In contrast to the ‘wild meadow’ where the horsetails may grow as they will, in the rest of the garden weeds are shown no mercy. The gardener ruthlessly pulls out every single horsetail. Piet admits his taste has changed. He now leaves some of the plants that have just blown in, as it were, where they are. He points to a hot pink campion which he would not have tolerated before and which now looks stunning next to a pink allium. ‘A new variety.’ Or the fleaworts, ‘really rather beautiful too.’ That mock orange shrub over there, forty years ago he would have turned his nose up at it. ‘Now I plant them everywhere. Can you smell that scent?’

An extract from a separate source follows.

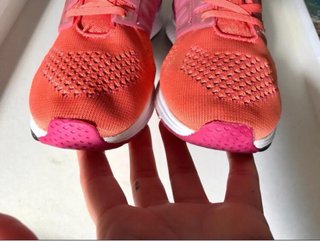 Scarpe da ginnastica arancioni e rosa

That little plant over there, with the tiny white flowers, just planted itself there. He doesn’t know yet what it is. ‘And look over there, can you see that? A tiny bee on a tiny geranium.’ The bees are swarming by the sweet garlic blossoms. ‘These are wild bees as there are no hives here in the neighbourhood.’ He recently discovered a rare frog with a stripe down its back. ‘Frogs, hedgehogs, birds of prey, mice and even rats. A good garden offers a home to them all.’ If there is another quality intrinsic to his gardens apart from beauty, it is that often used word ‘biodiversity’. ‘And that is what I want as many people as possible to see’.